Pangan lokal di berbagai daerah menghadapi banyak tekanan. Selain masuknya beras, tekanan juga berupa alih fungsi lahan dan deforestasi serta pembangunan ekonomi industri.
Oleh
PRADIPTA PANDU
·4 menit baca
JAKARTA, KOMPAS — Masyarakat di berbagai daerah di Indonesia memiliki tradisi pangan lokal yang diolah secara tradisional dan turun-temurun. Namun, pangan lokal tersebut, khususnya di Papua, kini menghadapi banyak tekanan dari berbagai aspek, seperti masuknya beras, alih fungsi lahan dan deforestasi, serta pembangunan ekonomi industri.
Direktur Yayasan Masyarakat Kehutanan Lestari (YMKL)Emil Kleden mengemukakan, kejadian kelaparan di sejumlah wilayah di Indonesia, khususnya Papua, umumnya berhubungan dengan gagal panen. Sementara sagu di dataran rendah dan pesisir Papua juga sudah banyak yang dikonversi menjadi perkebunan kayu dan sawit.
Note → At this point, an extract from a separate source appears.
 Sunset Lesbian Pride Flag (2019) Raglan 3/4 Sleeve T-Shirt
”Secara umum ada banyak tekanan terhadap pangan lokal dari berbagai aspek,” ujarnya dalam diskusi media secara daring terkait ”Refleksi Ketahanan Pangan Indonesia di Tengah Ancaman Kekeringan Dampak El Nino” di Jakarta, Kamis (12/10/2023).
Menurut Emil, tekanan pangan lokal orang asli Papua dari aspek sosial terjadi saat masuknya beras dan makanan instan. Sejak dahulu sampai sekarang, beras masuk ke Papua melalui orang yang memiliki relasi dengan gereja dan pemerintah. Kondisi tersebut menunjukkan adanya kelas sosial yang tinggi bagi masyarakat Papua yang memakan beras atau nasi.
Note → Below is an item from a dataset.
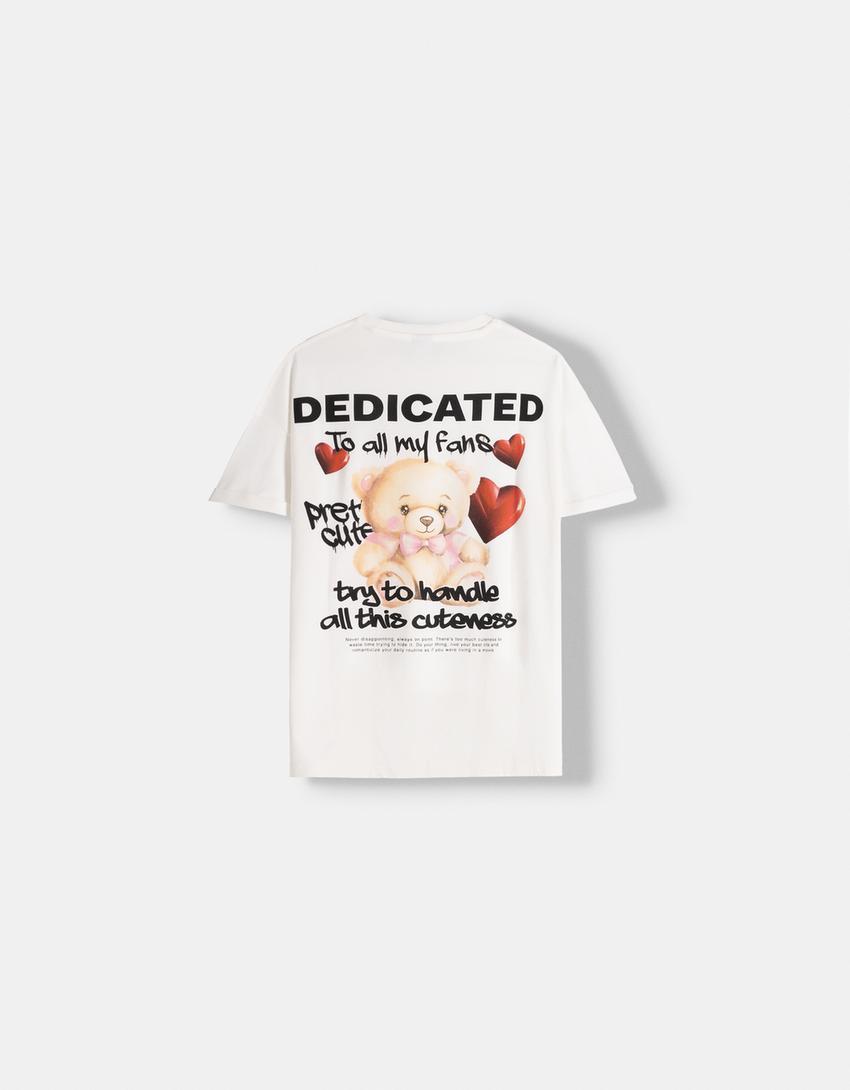 تيشرت فضفاض بطبعة وأكمام قصيرة-أبيض مطفي-5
Posisi pangan dari beras di Papua menguat ketika terjadi arus migrasi dengan efek lanjutan berupa dibangunnya pusat ekonomi industri seperti kios, toko, dan mal. Akibatnya, tradisi penyimpanan sagu kering ataupun di dalam tanah basah oleh orang asli Papua makin kurang dipraktikkan dan teknik penyimpanannya tak berkembang.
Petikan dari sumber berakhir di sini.